Apple and Google have been partners in mobile since the release of the original Apple iPhone in 2007, but they've since become less than friendly rivals thanks to Android's debut in 2008. With the release of the iPhone 5S and the Moto X, by Google subsidiary Motorola, the two companies are also in competition. Is the iPhone 5S or the Moto X the better phone?

Hardware and Design

Apple and Motorola built touch-friendly smartphones that are easily pocketable. Apple's approach is to make a slender phone made of aluminum that feels remarkably light and flat. Motorola opts for a slightly larger frame that curves more and has a smoother three-polymer blend material. Apple's design looks better, Motorola's feels more comfortable to hold because of its curvature and added weight.

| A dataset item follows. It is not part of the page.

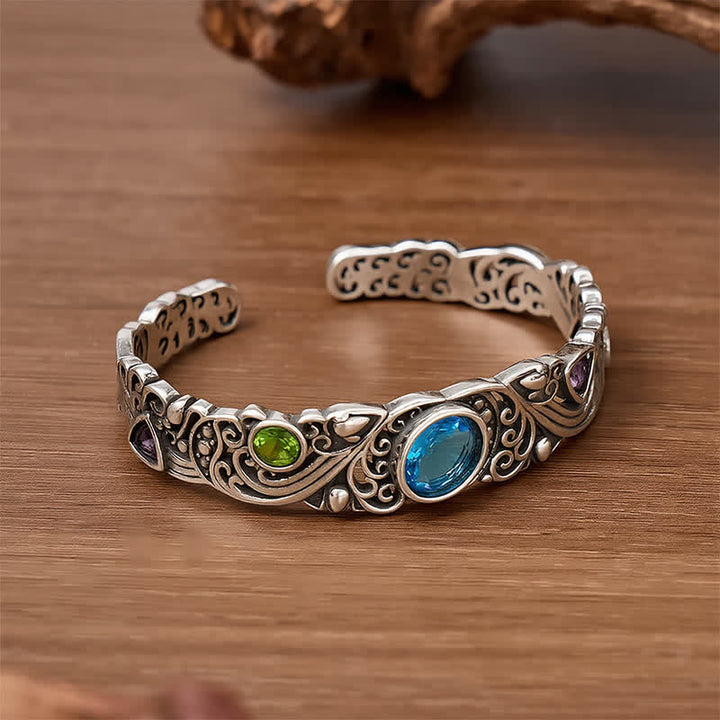 Bracelet manchette ajouré orné de pierres précieuses - image 4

The iPhone 5S features dual speakers near the bottom of the device that are not as loud as the Moto X. Both reach a solid volume, but the Moto X raises the decibel level just a bit higher. Unfortunately, it also tends to have higher treble when listening to music, so the iPhone 5S has a more complete sound. One negative about that sound is that it can be blocked or not as rich when held in landscape, while the speaker placement of the Moto X makes it the better option in the orientation common for watching video.

Picking the better screen is somewhat easier. The 4-inch LCD retina display of the iPhone 5S is brighter, has richer colors, and is superior from a quality standpoint. It's less victorious from a quantity standpoint. The Moto X has a 4.7-inch 720p AMOLED display that tends to be darker, but it's bigger and closer to the right size of balancing a large display area and compact phone size. I'd rather watch video on a Moto X, but the overall quality of the iPhone 5S for more frequent activities like web browsing makes the 5S display preferable.

As for speed, both phones have dual-core processors and a low-power companion core to support additional features. Both phones are consistently quick to load content and smooth. The iPhone 5S is slightly faster and more responsive in most areas. Despite having 1GB of RAM to the 2GB RAM and higher clock speed of the Moto X, the iPhone 5S still performs faster when browsing the web. The lengthy animations introduced in iOS 7 diminish the visual advantage iOS has in speed, but it does transition between apps and function fairly quickly. On the other hand, the Moto X tends to last a little bit longer. Even though both phones tend to last a full day, when doing the same thing side-by-side - streaming Netflix, podcasts, and then holding a long phone conversation - the Moto X had more power remaining. Android also offers better indicators for spotting the battery draining apps and settings, so the Moto X has a little more juice in its 2,200mAh battery.

Software and Apps

The Moto X runs Android 4.2 and the iPhone 5S runs iOS 7. Both have exceptional features and shortcomings that make choosing the superior software a tough call. I'd personally put Android on top because iOS 7 is just receiving features that Android has had for a long time, and it didn't necessarily best them.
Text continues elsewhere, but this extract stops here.